It is enough to state our general conclusion that, with respect to all these points, the defendant has failed to establish any defense to the action.

It is claimed by the defendant that the sixteen checks made payable to the order of persons having no existence were, in legal effect, payable to bearer. It is provided by statute that paper made payable to the order of a fictitious person and negotiated by the maker has the same validity "as against the maker and all persons having knowledge of the facts, as if payable to bearer." (1 R.S. 768, § 5.)

We are of the opinion, upon examination of the authorities cited by counsel on both sides, that this rule applies only to paper put into circulation by the maker with knowledge that the name of the payee does not represent a real person. The maker's intention is the controling consideration which determines the character of such paper. It cannot be treated as payable to bearer unless the maker knows the payee to be fictitious and actually intends to make the paper payable to a fictitious person. ( Irving National Bank v. Alley, 79 N.Y. 536; Turnbull v. Bowyer, 40 id. 456; Vagliano v. Bank of England, L.R. [22 Q.B.D.] 103; S.C., on app. 23 id. 243; Armstrong v. Pomeroy National Bank, 46 Ohio St. 512; [7 Railway Corporation Law Journal, 114]; Gibson v. Minet, 1 H. Black. 569.)

The findings of the referee that the plaintiffs in good faith believed that the names of the payees represented real persons, entitled to receive from them the amount of the check in each case, having been led to believe this by the fraudulent contrivances of Bedell, and that they intended that Bedell should deliver the check to a real payee therein named and that they did not intend that they should go into circulation or be paid by defendant otherwise than through a delivery to and indorsement by the payee named; and that plaintiffs gave no authority to Bedell to indorse the name of the payee, or to put the checks into circulation, and that no one in fact relied on any appearance of authority, derived from the plaintiffs, in Bedell to indorse the payee's name upon the checks or to put them in circulation, disposes of this question. The indorsement of the names of the fictitious payees upon the checks, with intent to deceive and to put the checks in circulation, constituted the crime of forgery by means of which, and without any fault of the plaintiffs, payment was obtained thereon. The defendant does not occupy any different position with reference to the checks payable to fictitious payees than it does with reference to those payable to real parties whose indorsements were forged.

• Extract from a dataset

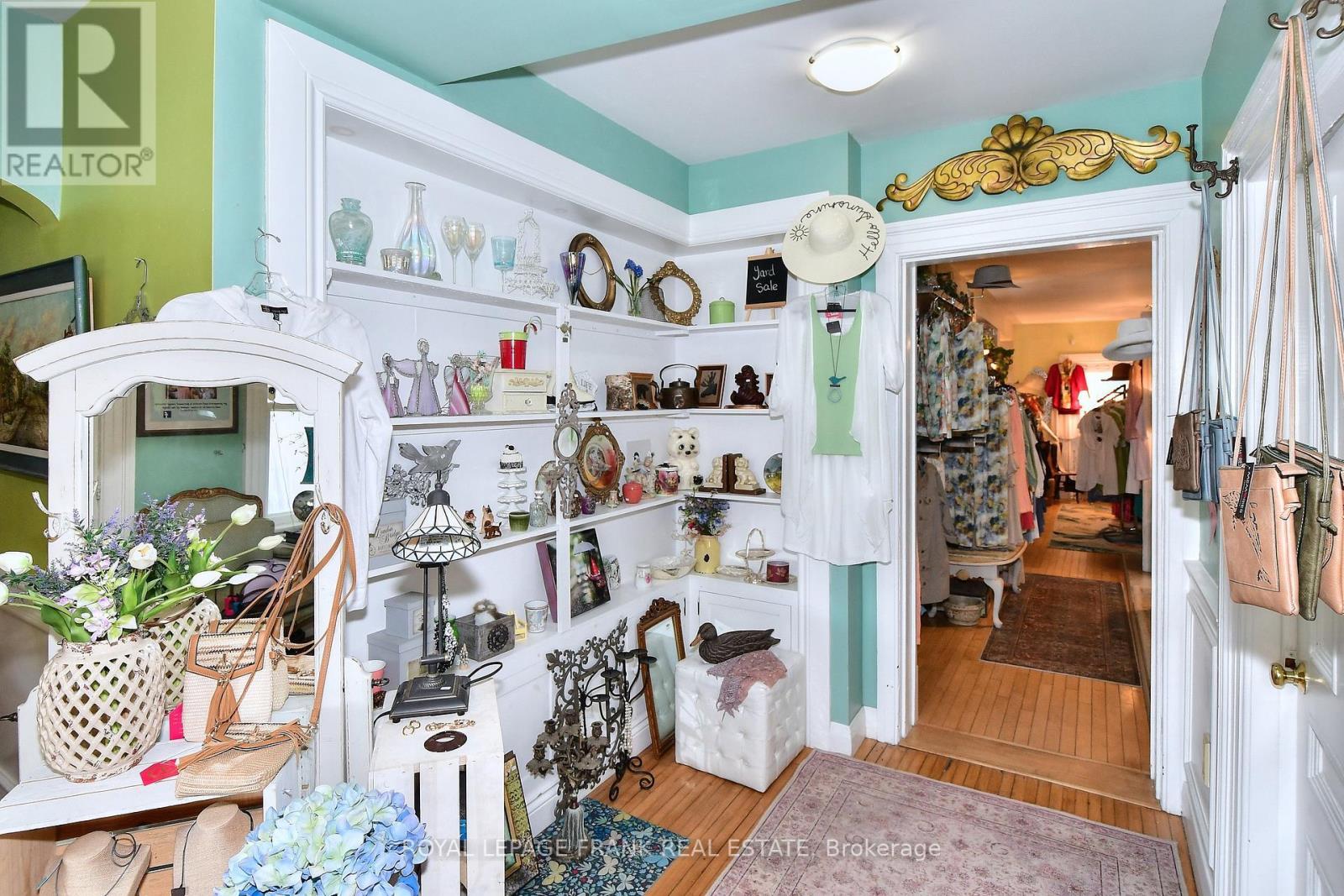












60 QUEEN STREET

,
Selwyn,




Ontario
K0L2H0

Bedell of course knew that the payees were fictitious, but he was not acting within the scope of his employment, but in carrying out a scheme of fraud upon the plaintiffs, and under such circumstances his knowledge cannot be imputed to his principals. ( Frank v. Chemical Nat. Bank, supra; Weisser v. Denison, supra; Welsh v. German American Bank, supra; Cave v. Cave, L.R. [15 Ch. Div.] 643, 644.)

The case presents another and peculiar question. It seems that ten of the eleven checks which were made payable to the order of real persons were made good by Bedell to the several payees, and the defendant has set up these facts in its answer as a partial equitable defense. The referee made no findings on the subject, but Bedell so testified and was not contradicted, and the question arises upon a request by the defendant to find in substance that the amount of these ten checks having been made good by Bedell to the several payees, the plaintiffs having sustained no loss by reason of the payment thereof, are not entitled to recover in this action against the defendant any sum on account of or by reason of the payment by defendant of the same. The request was refused and the defendant excepted. Keeping in view the theory of this action and regarding the evidence before the referee, we cannot perceive that there was any error in refusing the request.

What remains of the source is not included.